Schon das dumpfe, metallische Geräusch, wenn sich das mächtige Drucktor vor der hausgroßen Kaverne schließt, hallt in dem dreieinhalb Kilometer langen Tunnelsystem viele Male wider. Das Geräusch der Detonation, die kurz darauf folgt, wabert noch viel mächtiger durch das von Splittern zernarbte Innere der Reiteralpe. Tief im Dolomit des Berchtesgadener Landes hat Sprengmeister Thomas Spens 650 Gramm militärischen Plastiksprengstoff gezündet, direkt an einer Betonwand, die mit zahllosen dünnen Stahlfäden verstärkt ist.
Hier in der Wehrtechnischen Dienststelle 52 in Oberjettenberg bei Schneizlreuth lässt die Bundeswehr prüfen, was die Truppe vor Angriffen schützen soll. Die Wissenschaftler und Ingenieure testen Betonwände, die Autobomben standhalten sollen; sie probieren Detektoren aus, die selbstgebaute Sprengsätze entdecken können, und sie graben Fallgruben vor Feldlagern in Wüstentarnung mitten in die bayerischen Berge. Vom "Gegner" ist hier viel die Rede, und dieser Gegner ist längst ein ganz anderer als der, der im Kalten Krieg mit seinen Atombomben gedroht hat. Doch auch die Druckwelle einer solchen Bombe, den nuklearen Blast, können sie hier in Oberjettenberg simulieren.

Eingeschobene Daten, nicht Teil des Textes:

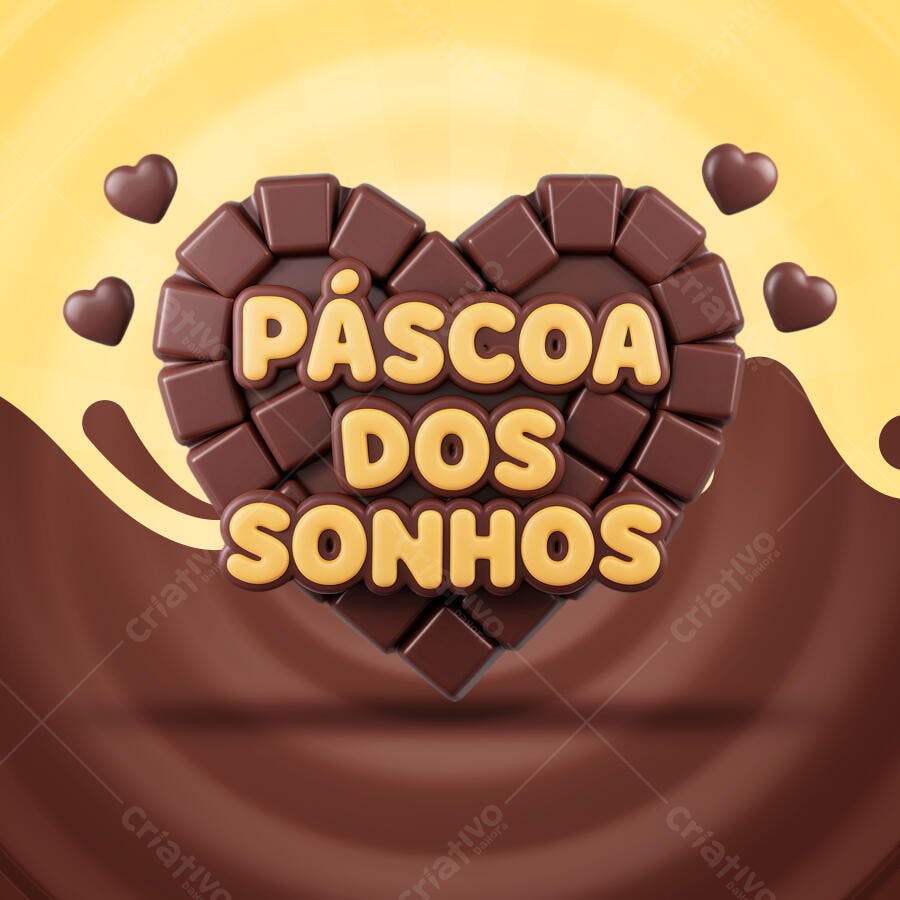 Arte Páscoa em Formato de Coração PSD Editável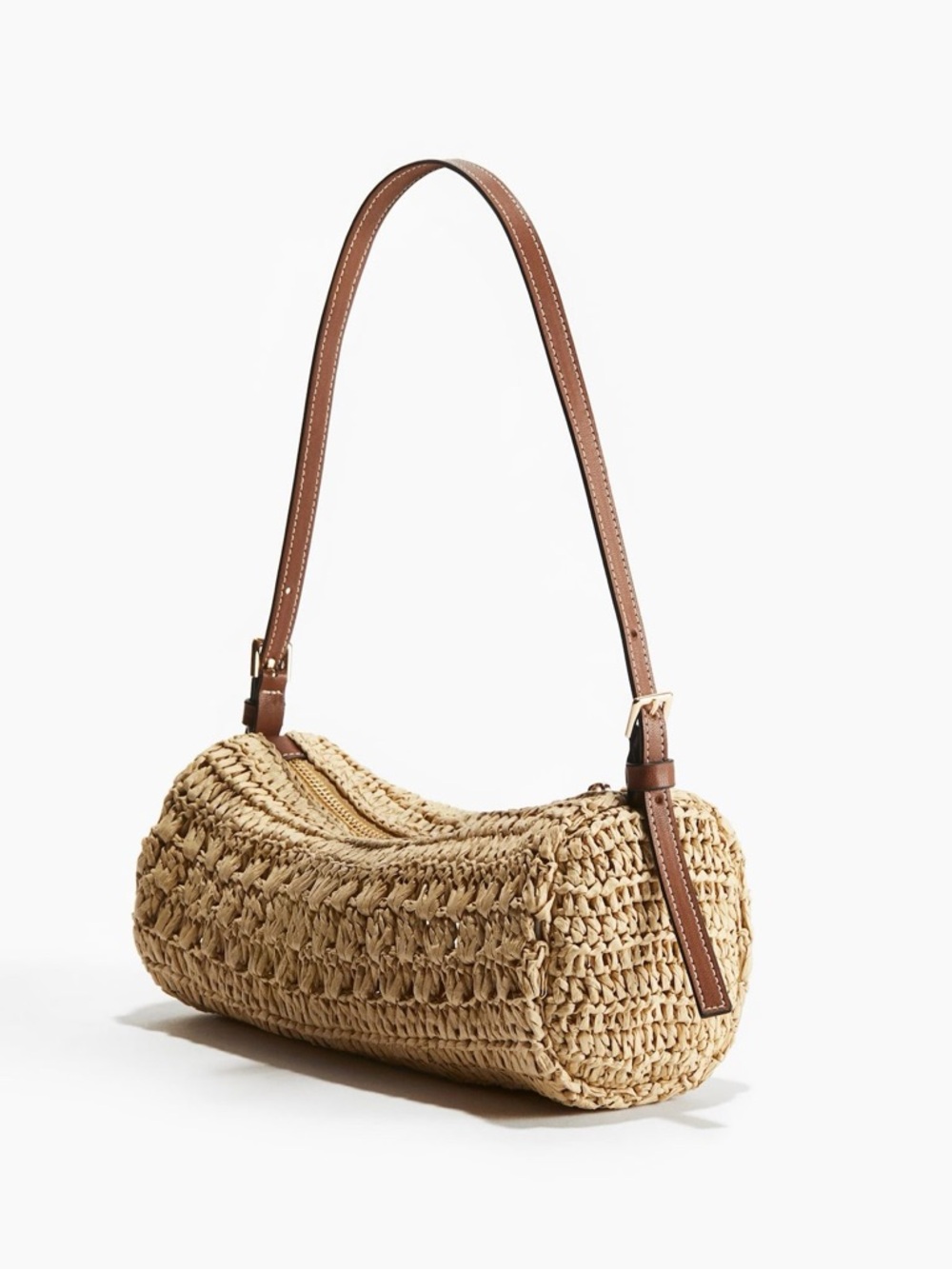 Rare H&M Braided Paper Straw Tubular Shoulder Bag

Ein anderes Erbe aus dem Kalten Krieg sind die 50 Meter Elbe-Seitenkanal, der zum unüberwindbaren Hindernis für die Sowjetpanzer gemacht werden sollte. Die Panzer sind nicht gekommen, dafür ist inzwischen die Bundeswehr in vielen fernen Weltgegenden unterwegs. Die Verhältnisse dort werden in Oberjettenberg nachgestellt, von Männern und Frauen, die keine Schulterklappen tragen, sondern Beamtentitel. Ihr Auftrag ist ein rein defensiver, doch dass Angriff und Verteidigung, die hier gerne "Wirkung und Schutz" genannt werden, schon immer zwei Seiten einer Medaille waren, ist den Wehrtechnikern der Bundeswehr natürlich bewusst.
Der Aufwand, den die Bundeswehr hier betreibt, ist enorm, auch wenn immer mehr Sprengversuche nur noch im Computer stattfinden. Das Tunnelsystem in der Reiteralpe wird trotzdem immer größer - und womöglich soll es auch bald tiefer werden, denn die 60 Meter des senkrechten, mit 1,2 Millionen Litern Wasser gefüllten Schachts reichen für die Tests an Torpedos und an Auftauch-Einrichtungen für U-Boote kaum mehr aus.
Obwohl an der Mündung des Tunnels immer wieder Bäume umknicken, schützt der Berg vor ungewollten Schäden - und vor Einblicken in die Testreihen der Wehrtechniker, die dem Gegner möglichst mindestens einen Schritt voraus sein sollten.